# Large Sample Library: User Guide

The Large Sample Library lets you run a Monte Carlo simulation for a large sample size and/or large model that would otherwise exhaust computer memory. It runs the model with a series of small batch samples and aggregates the results of the batches into a large sample for analysis of the resulting distributions. This Guide describes how to use this library.

## Introducing the Large Sample Library

This library makes it easy to break up a large sample into a series of batch samples, each small enough to run in memory. It accumulates these batches into a large sample for selected variables, known as the **Large Sample Variables'** or **LSVs**. You can then view the probability distributions for each LSV using the standard methods — confidence bands, PDF, CDF, etc. — with the full precision of the large sample. It saves memory by *not* storing large sample results for intermediate variables that are not LSVs.

If you are running Analytica 64-bit, it can use virtual memory (VM) when it runs out of random access memory (RAM), and so significantly expand the amount of memory available, up to around 100GB in some cases. But, use of VM tends to slow down calculations considerably. So even if you can run your model with the sample size you want using VM, you may well find using the Large Sample library substantially speeds up the computation by avoiding need for VM.

You can download the (Large Sample Library v10.ana) from here.

## How to load the library

First, load the library into the model in the usual way:

- Download Large Sample Library v10.ana.
- Open your model in Analytica.
- Switch to Edit mode.
- Select
**Add library…**or**Add module…**from the File menu, and browse to find the Large Sample Library v10.ana file. - In the
**Add a module or library**dialog, select**embed a copy**and click**OK**.

Once it is loaded, open the Large Sample Library module. It looks like this:

## Select the LSVs to compute with large samples

The library computes and saves large samples only for selected variables, termed the *Large Sample Variables* or *LSVs*.

After loading the library, the first thing to do is to click the button *“Set up Large Sampling”*. It will then treat all uncertain variables in the model that have Output nodes as LSVs. Uncertain means that they are probabilistic — i.e. they are chance variables or depend on chance variables (or, more precisely, on variables that are defined with a distribution function). For more on Output nodes, see User output nodes in the Analytica User Guide.

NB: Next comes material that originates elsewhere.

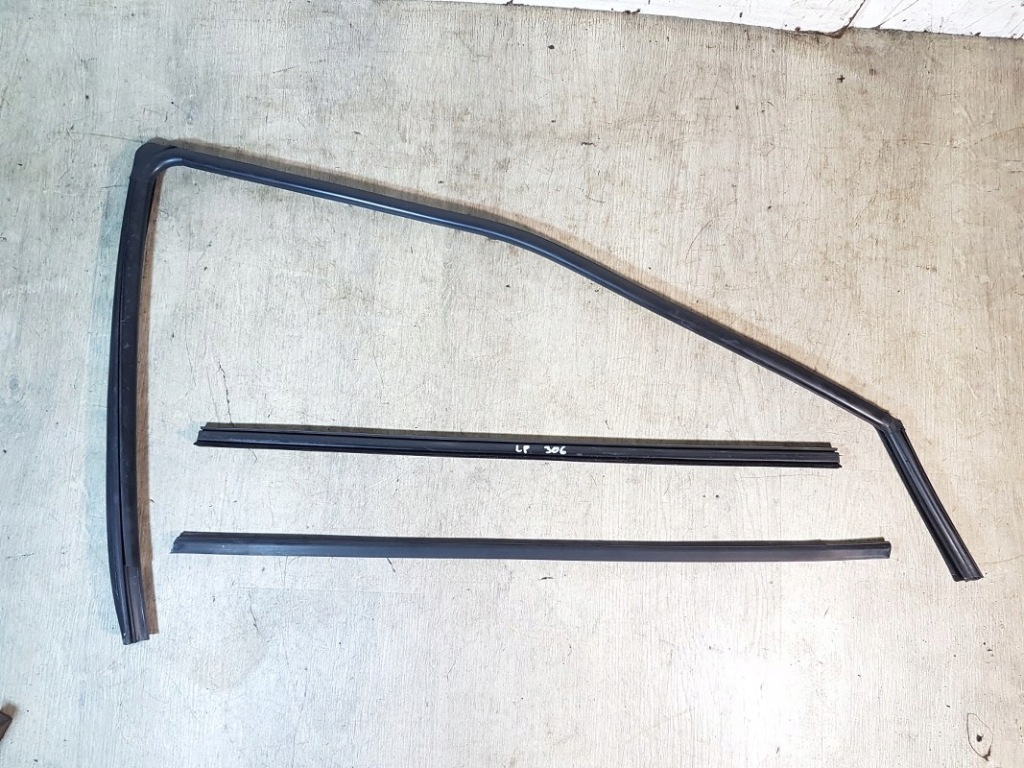 фото №1, Уплотнители стекло левый перед kpl peugeot 306 lift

Usually, this choice of LSVs is what you want, and you can proceed straight to Select Large sample size and Batch Sample size below. If your model has no LSVs (most likely because it has no Output nodes), or it has too many, continue with this Section.

In order to determine whether output nodes are probabilistic, it evaluates them in sample mode with a sample size of 1. In some large models, even this may take a long time. If your model flags any evaluation errors, you may need to correct those.

### To add LSVs

To include another uncertain variable as a LSV, simply create an Output node for it. To do this, select the variable node, and select **Make Output node** from the Object menu. Drag the new Output node to wherever you would like it.

### To select fewer LSVs

If you have too many LSVs or if some are large arrays with large or many indexes, your computer may not have enough memory to save Large sample results for all of them. In that case, you may specify as LSVs only for those few variables for which it is important to view their probability distributions using a large sample.

Instead of treating all uncertain variables with Output nodes in the entire model as LSVs, you can select as LSVs only those variables with Output nodes in a specific module (and its submodules). Simply select the module you want from “*Find LSVs in this module*” and click “*Set up Large Sampling*”. It will list the new LSVs in the pulldown menu “*Large-Sample Variables (LSVs)*”. If there are no LSVs in the selected module, it will give a warning.

What if you want to select as LSVs a set of variables that are not all contained in the same existing module? Simply create a new module and add Output nodes into it for the variables you want as LSVs. Then click “*Set up Large Sampling*” to find the module. Select the new module in “*Find LSVs in this module*” and click “*Set up Large Sampling*” again. The new LSVs will now appear in the menu below “*Large-Sample Variables (LSVs)*”.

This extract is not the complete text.